On one hand, I feel I’ve contributed (albeit in a small way) to progressing society towards some of the goals MLK held dear. On the other hand, this work (and my struggle to balance it with my writing goals) helped reinforce the truth that for me, writing really is the dream I cherish. In some ways this was an important lesson to learn – one I could only really learn when my time to write became so compromised that I realized how much I missed it! Unfortunately, since the legislative session just started in Colorado I have been sucked back into a political vortex (the new aide to my senator just resigned…and I stepped back into the breach) – so I feel a little like I’m back where I started… and I need to recommit to my dream once more and find the right work-life/dream balance.
I was mulling over the concept of ‘dream’ when I caught an excerpt from an episode of “How I Built This” on NPR. Guy Raz was asking the founder of an active wear brand how she thought she managed to make her dream a reality.

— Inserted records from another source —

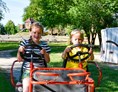 Kinderhotel: Kinder auf dem 4-Personen-Kettcar im großen Garten vom Bio Kinder- und Familienhotel Gut Nisdorf - Bio Kinder- & Familienhotel Gut Nisdorf
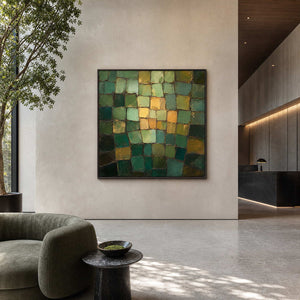 Square green abstract painting displayed in a biophilic hotel lobby.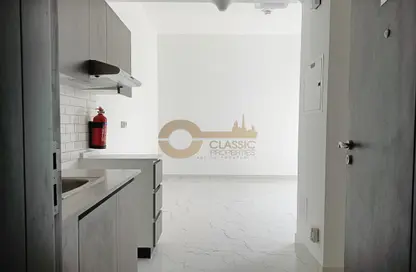 Kitchen image for: Apartment - 1 Bathroom for rent in Time 1 - Dubai Land - Dubai, Image 1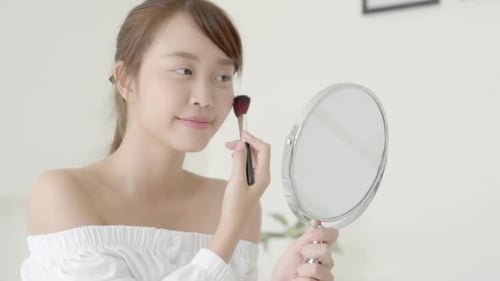 Woman Applying Makeup With a Brush in Mirror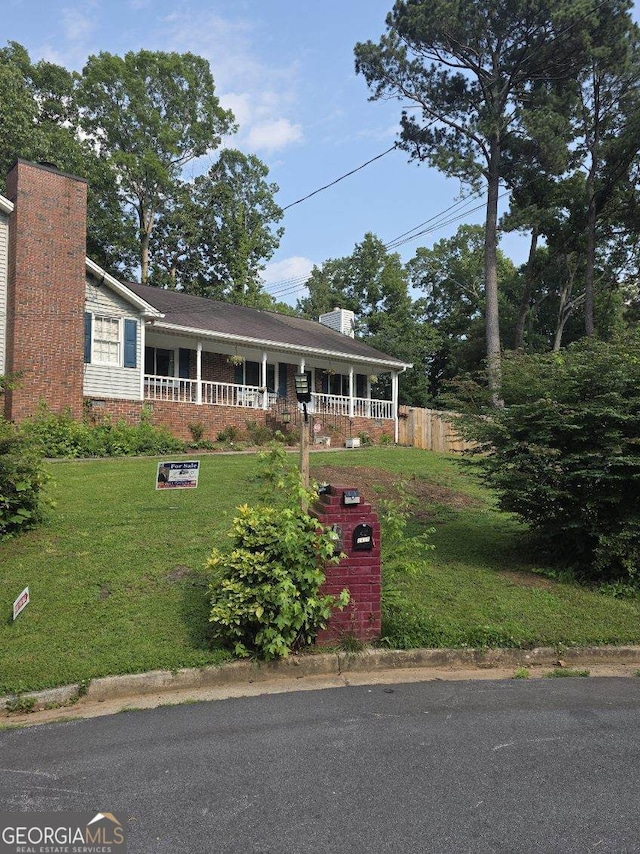 2615 Leeshire Ct, Tucker, GA 30084 - view of front facade featuring a chimney, a front yard, and covered porch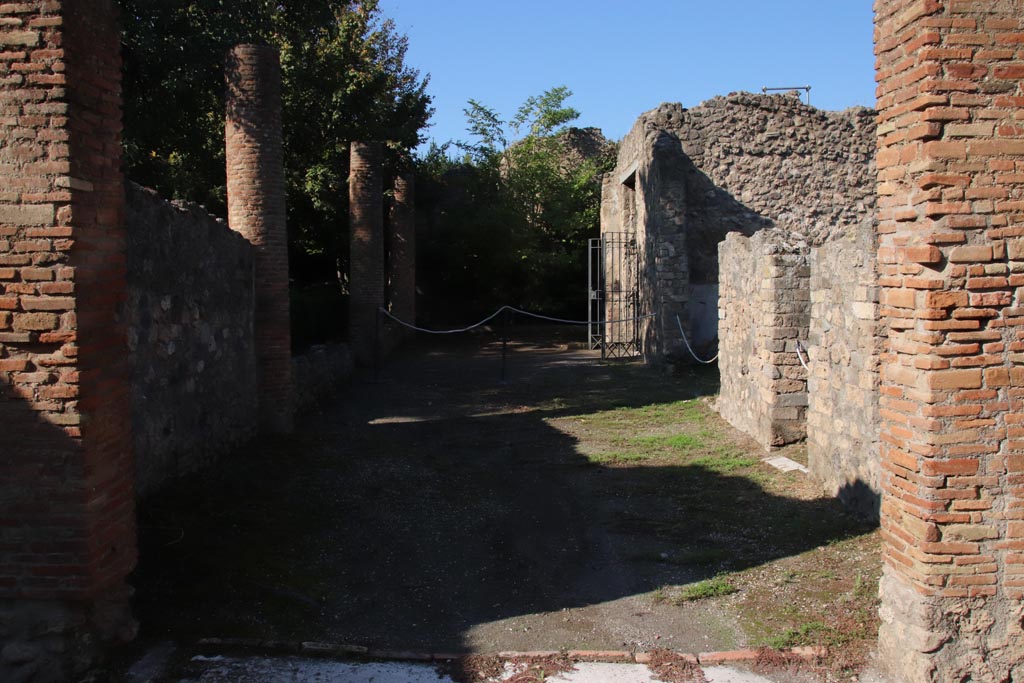 VIII.5.16 Pompeii. October 2022. 
Looking west from room 5, along north portico towards entrance doorway. Photo courtesy of Klaus Heese. 
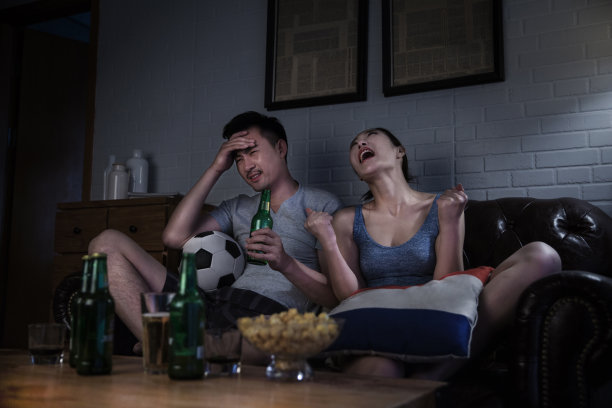 一对夫妻晚上在客厅沙发上看电视上的足球比赛，他们支持的球队输了比赛，他们有失望的表情——库存照片图片下载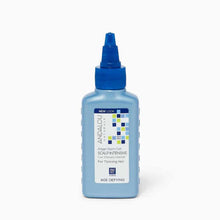 Light blue bottle with blue applicator cap labeled Andalou Naturals Argan Stem Cell Scalp Intensive for Thinning Hair.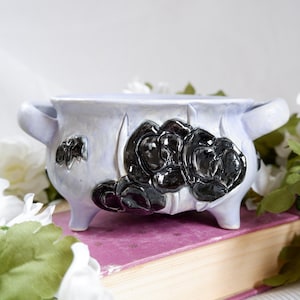 Op de afbeelding: Een lichtlavendelkleurige keramische plantenbak met twee zijhandvatten en drie kleine voetjes. De buitenkant is voorzien van een opvallend, verhoogd reliëf van drie glanzend zwarte bloemen met gladde, ronde bloemblaadjes op een matte lavendelkleurige basis.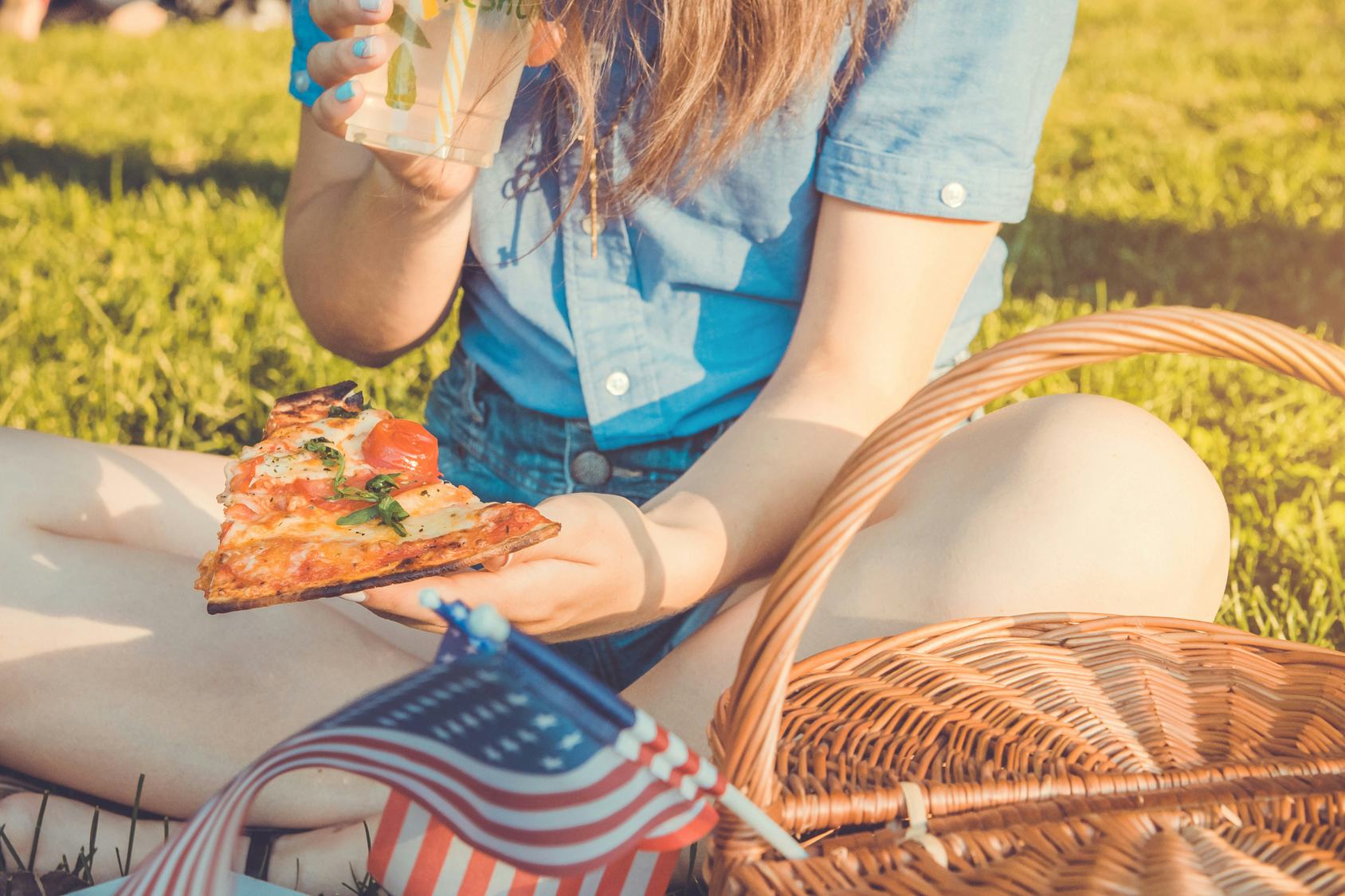 A woman sitting on the grass with her picnic basket next to her, eating pizza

Her answer was one powerful word – ‘persistence’. When you think about all the dreams we have – from the lofty and powerful ones MLK articulated to the smaller, more individualized ones we hold dear – the only way those dreams can become reality is through persistence. So I’m taking this day to try and recalibrate my expectations and recommit to the concept of persistence.
So TKZ, on this MLK holiday, what dream are you committing to? Any guidance on how to embrace persistence, despite the challenges?
For me it’s all about separating dreams from goals. I define dreams as those things I’d like to attain or achieve that are not within my direct control—for example, selling a million copies of each of my novels.
I define goals as things that ARE within my direct control—for example constanly improving my craft and increasing the number of novels I have out there, which in turn enhances my discoverability and the chance that I’ll achieve that dream.
My two cents.
This is what I would have said, Harvey, except you said it better. 🙂
Harvey – great point, and I do set measurable goals – just need to get down to focusing on those!
My persistence revolves around: 1) writing fic/nonfic; 2) One of the most important things to me is that people have life-long mobility. I’m trying to figure out how to train & help people w/that while dealing w/my own health issues; 3) studying American & Arizona-specific history (would love to be unofficial state historian someday. I don’t want much. LOL!), 4) and developing as a visual artist.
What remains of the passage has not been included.